Democracy North Carolina trains lobbyists for upcoming lobby day against gerrymandering

Maggie Haddock
News Writer
mhaddock@unca.edu

On a Wednesday night around 6 p.m., the sun sets over the steeple as the Hill Street Baptist Church fills with eager participants, some seasoned veterans in the trade, others just beginners who took their own initiative at the last straw of intolerance. Hosted by the non-profit organization Democracy North Carolina, the event serves as a training session for citizen lobbyists, gathering political activists of all intensities to discuss the precise and strategic language lobbyists must use to speak to their state representatives.

Community members gathered at Hill Street Baptist Church Feb. 23 for a seminar on effectively communicating with state representatives regarding gerrymandering. Photo by Michaela Hall.

“Lobbying is, in a really heavy way, about relationship building to advance a cause which typically comes from citizens communicating to representatives,” said Darlene Azarmi, Western North Carolina organizer of Democracy North Carolina.
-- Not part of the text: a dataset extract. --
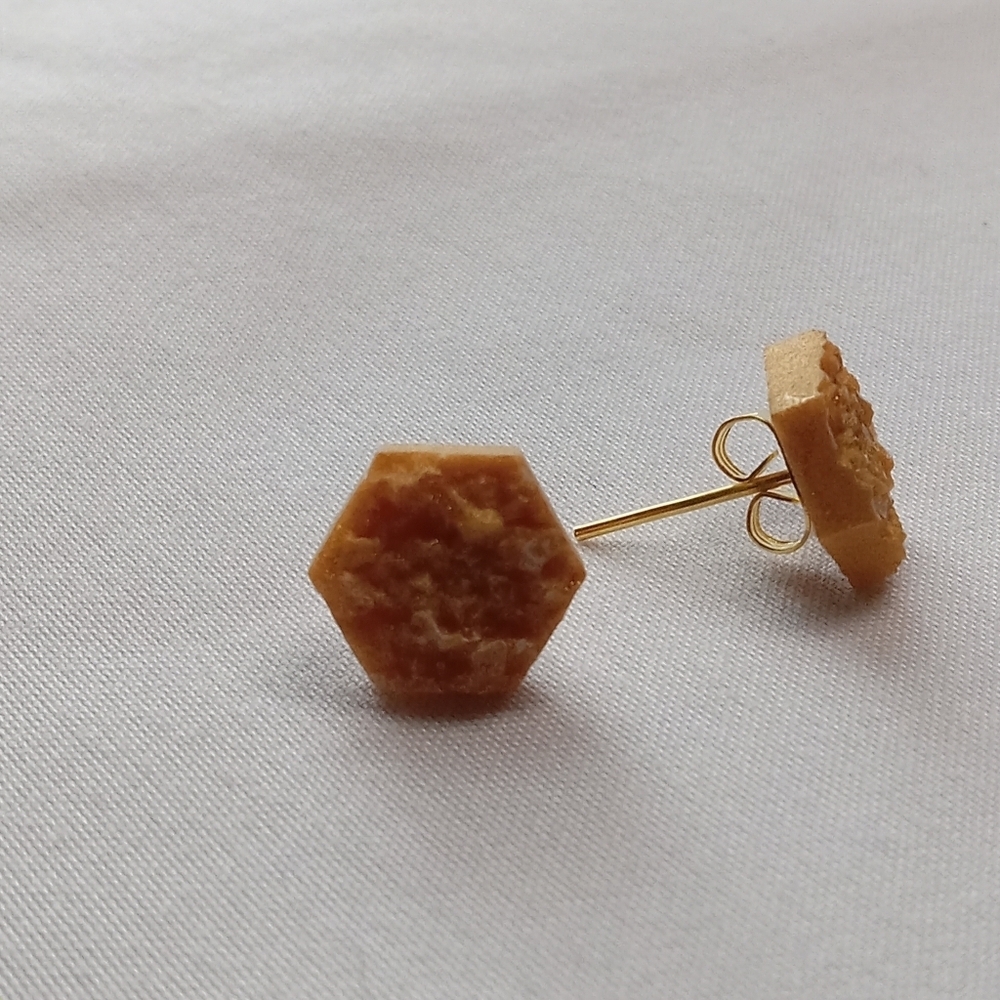 5/$25 Hexagonal Gold Stud Earrings - Picture 2 of 3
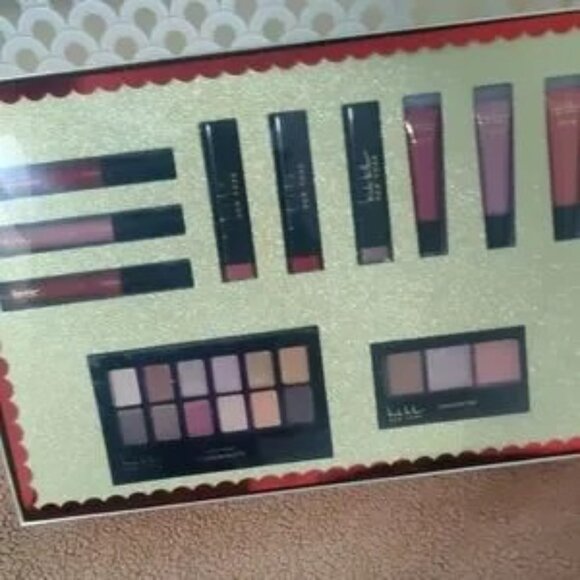 Nicole Miller Silver and Gold Complete Cosmetic Set - Picture 8 of 8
On March 1, citizen lobbyists will talk to their representatives in Raleigh, North Carolina, about gerrymandering, the redrawing of districts in order to skew election results in a party’s favor. The redrawing of districts often becomes so specific to the point where houses in the same neighborhood may be in separate precincts.
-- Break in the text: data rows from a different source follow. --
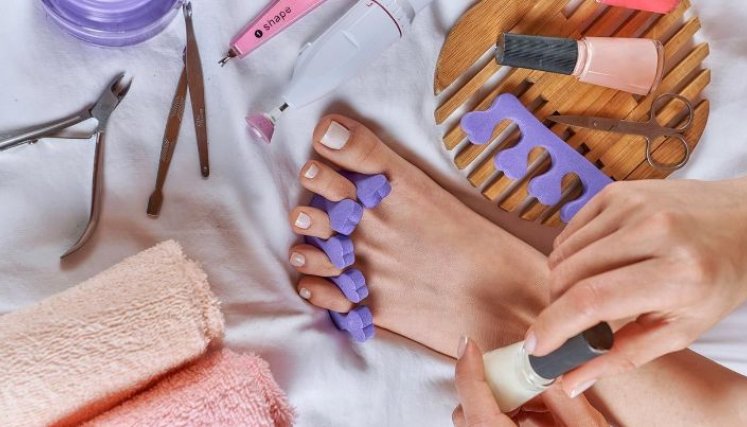 Si una pedicurista no tiene los conocimientos sobre el cuidado de los pies, más allá de lo estético, no puede tratar patologías de los pies como uñas incarnadas, heridas o grietas, ya que pueden desencadenar un problema.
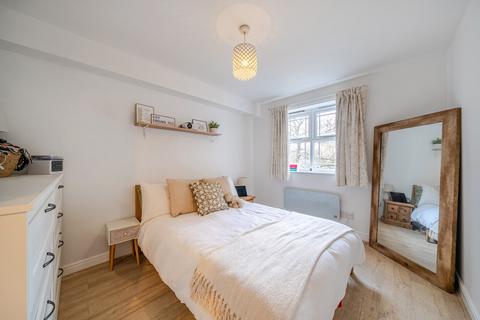 2 bedroom property for sale, John Archer Way, London, SW18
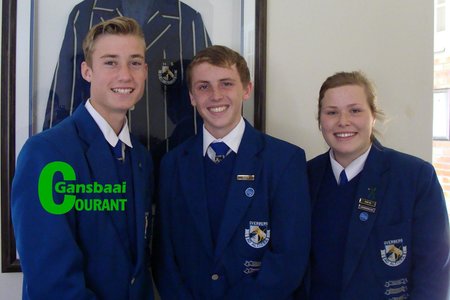 Die drie Ovies-leerders wat â€˜n silwer- en twee brons medaljes tydens â€˜n Eisteddfod-aand gewen het. Vlnr Ruan Delport, Ian le Roux en Kaylee Krige. 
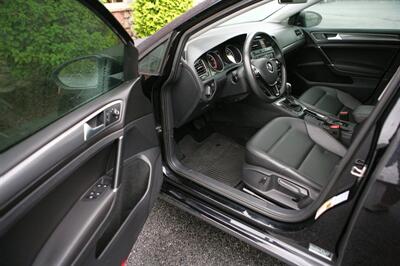 2020 Volkswagen Golf TSI   - Photo 8 - Strasburg, PA 17579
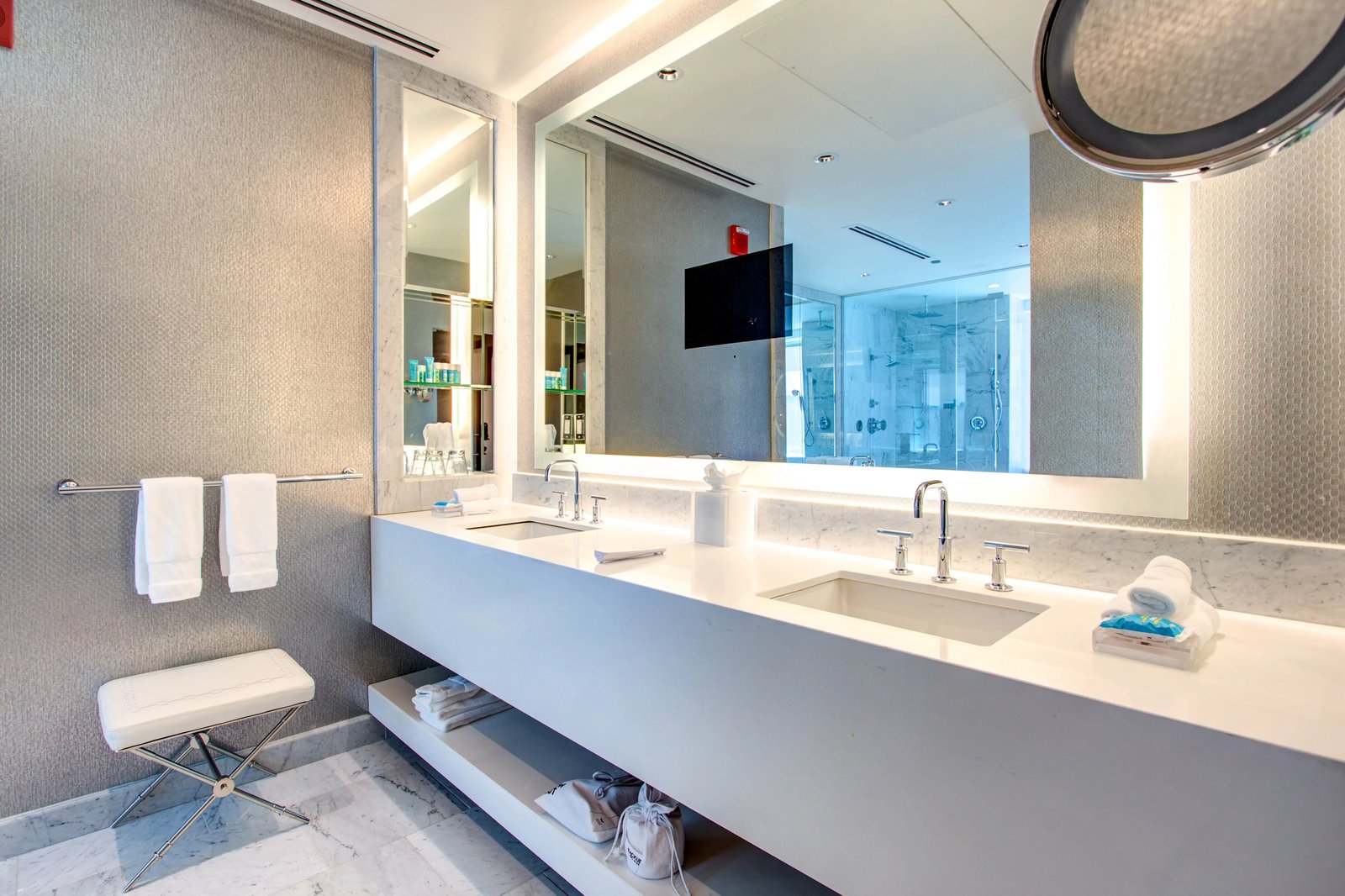 THE MIDLAND HOTEL, Chicago, a Tribute Portfolio Hotel — rooms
“Gerrymandering has been litigated by both parties for a long time and they have taken turns doing themselves favors and ignoring us,” said Democratic National Committee member Jake Quinn.

The district design carried out by congressional members proves to be much more than polarized dominance. Often racially fueled, gerrymandering becomes much more personal for some than just a politician’s majority vote.

“We currently have three redistricting cases that are based on illegal racial gerrymandering. We know that our congressional districts were thrown out and had to be redrawn and we are aware on a court case that was decided on in the fourth district last year that threw out a lot of our state House history as well as state Senate districts,” Quinn said.

The church held an atmosphere of unadulterated American dignity from its participants. Eager students of the trade took notes and watched tutorials on how to lobby, given pieces of information from cartoon characters and watching organizers act out skits portraying a prepared lobbyist and a well-receiving politician. At times, the political pride switched to a more personal conversation about citizenry, grasping the excitement and power held in the work of lobbying.

“We hear about paid lobbyists all the time. Those are folks who do that as their livelihood. They are in there every single day getting paid by their organization to advocate for a certain position on a certain issue,” Quinn said. “That’s what makes our voice as citizen lobbyists so much more valuable to our elected leaders. They know when they hear from citizen lobbyists, they hear it from the heart and not from the wallet.”

Thaila Lopez, assistant organizer, writes down audience responses to questions prompted by Darlene Azarmi. Photo by Michaela Hall.

The participants listened intently and learned together, but they all come in at different levels of experience. Tom Coulson, a seasoned lobbyist of 18 years and a participant of the event, will lobby with his wife Barbara once more to fight gerrymandering.

“I became associated with Common Cause early in the 1980s. I worked for reform in the government, such as lobby reform, and trying to get money out of politics,” Coulson said. “I recognized many years ago that gerrymandering was hurting us.”

Coulson shared his hypotheses about gerrymandering and the long-term effects it would have on the future of politics and polarization.

“I think it’s why we have such polarization. If you are in a district where you know your side is going to win, the only thing you have to worry about is someone more extreme than you,” Coulson said. “Pretty soon, we’re just going to have the fringe people from each party. Fringe people are not good at compromise so we really need to correct this situation.”

First-time lobbyists such as Beverly Hill from Burnsville, North Carolina, joined the lobbying training out of pure disdain of the practice.

“I am certainly out of my comfort zone by being here, but my country is also out of my comfort zone,” Hill said.

The participants learned throughout the night sitting in the red, velvet pews about exactly how to lobby, grasping the clarity, efficiency and charisma which each individual must obtain in order to lobby for their cause to professionals in opposing fields; politics a science, lobbying an art.

“It’s all about looking at lobbying as a tool for building political power,” Azarmi said. “As a part of our democracy, we have to play an active role and lobbying is one of the strongest roles that we as citizens can play.”